- [Instructions for the task]: For this exercise, retype the lines from the one that holds "LOUIS VUITTON Epi" through the one that holds "Coat Of Arms" in the records below, both included, exactly and without pictures.
Records for this task Block Start
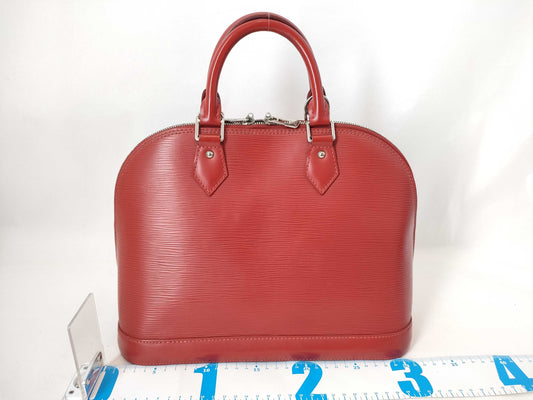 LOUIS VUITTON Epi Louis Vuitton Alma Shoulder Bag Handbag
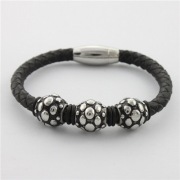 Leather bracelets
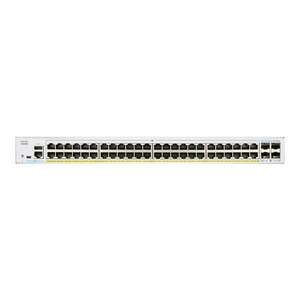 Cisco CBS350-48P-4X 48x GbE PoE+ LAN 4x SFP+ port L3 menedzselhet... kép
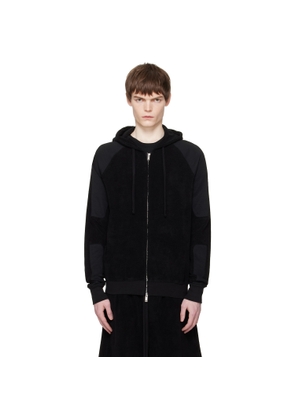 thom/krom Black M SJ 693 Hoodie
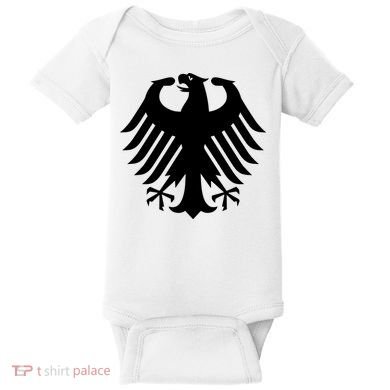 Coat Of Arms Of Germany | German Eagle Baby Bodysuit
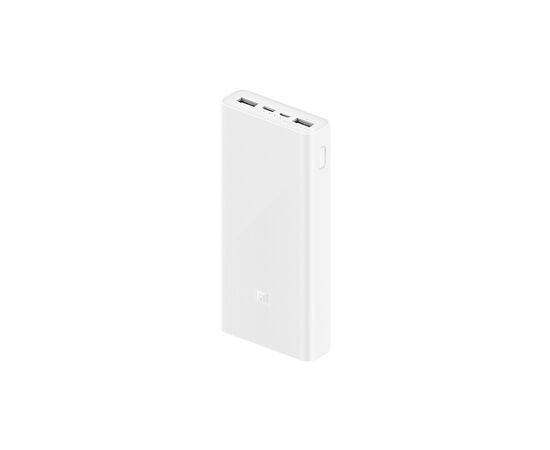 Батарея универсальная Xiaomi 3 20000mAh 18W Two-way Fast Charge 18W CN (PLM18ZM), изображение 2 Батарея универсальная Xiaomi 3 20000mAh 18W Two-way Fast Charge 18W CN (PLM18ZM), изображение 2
Records for this task Block End
Records for this task Block Start
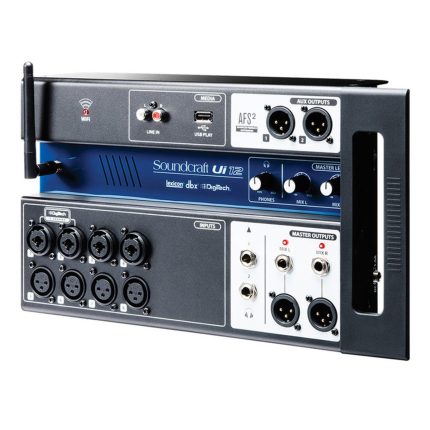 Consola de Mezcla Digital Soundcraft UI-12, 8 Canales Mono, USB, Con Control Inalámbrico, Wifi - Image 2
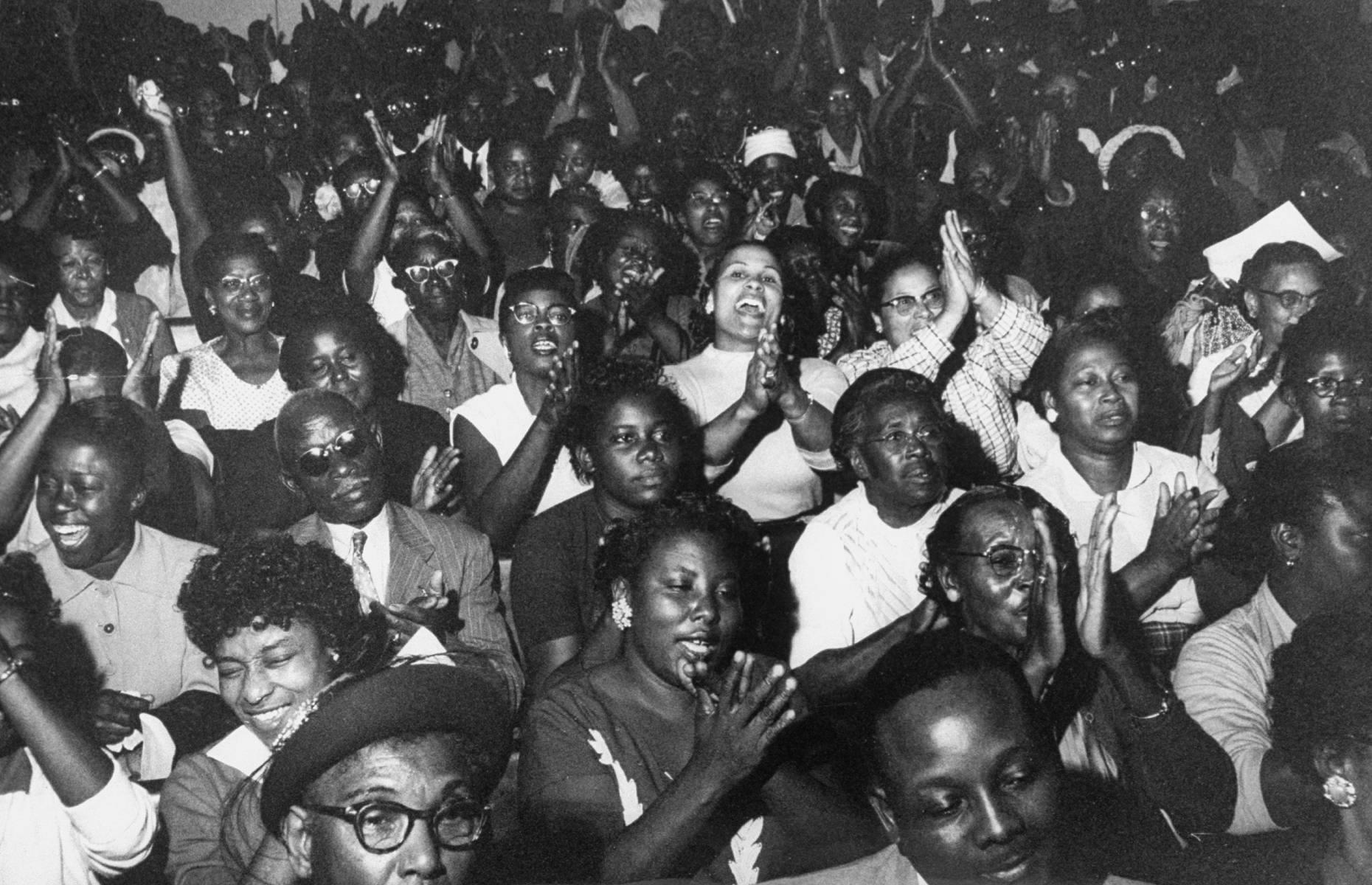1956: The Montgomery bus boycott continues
Records for this task Block End
Records for this task Block Start
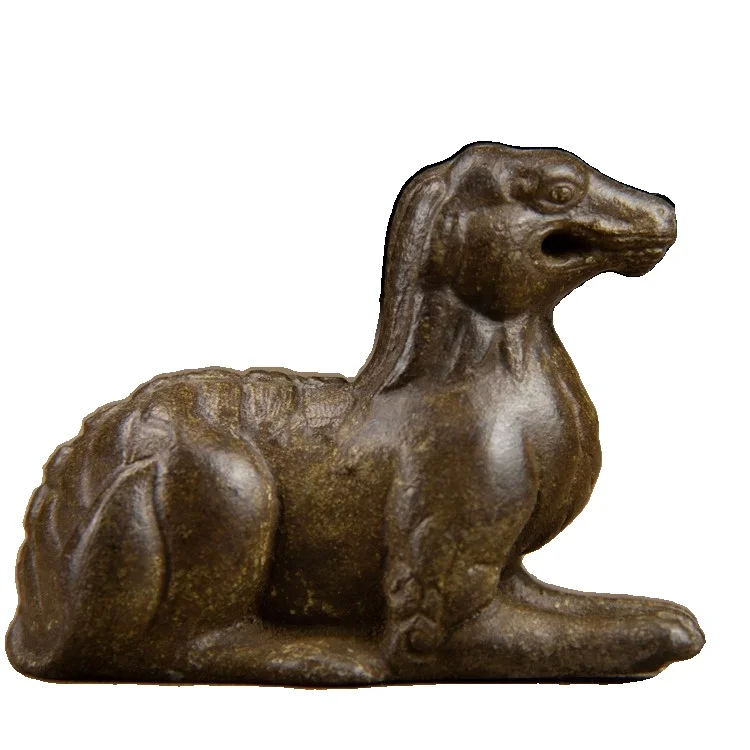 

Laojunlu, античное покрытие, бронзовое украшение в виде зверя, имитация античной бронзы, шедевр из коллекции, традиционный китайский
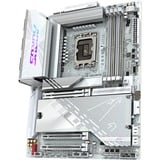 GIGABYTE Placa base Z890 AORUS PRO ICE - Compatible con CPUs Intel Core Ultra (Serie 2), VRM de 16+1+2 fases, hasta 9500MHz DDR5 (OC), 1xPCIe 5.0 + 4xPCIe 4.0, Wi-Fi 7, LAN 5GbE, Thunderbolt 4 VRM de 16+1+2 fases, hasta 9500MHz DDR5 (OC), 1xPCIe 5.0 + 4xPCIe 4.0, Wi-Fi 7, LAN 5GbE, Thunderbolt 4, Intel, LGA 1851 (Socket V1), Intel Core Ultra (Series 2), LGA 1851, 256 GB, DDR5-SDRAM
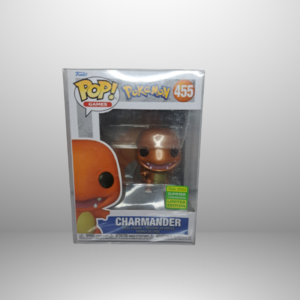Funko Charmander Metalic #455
Records for this task Block End
- [Final answer]:
 LOUIS VUITTON Epi Louis Vuitton Alma Shoulder Bag Handbag
 Leather bracelets
 Cisco CBS350-48P-4X 48x GbE PoE+ LAN 4x SFP+ port L3 menedzselhet... kép
 thom/krom Black M SJ 693 Hoodie
 Coat Of Arms Of Germany | German Eagle Baby Bodysuit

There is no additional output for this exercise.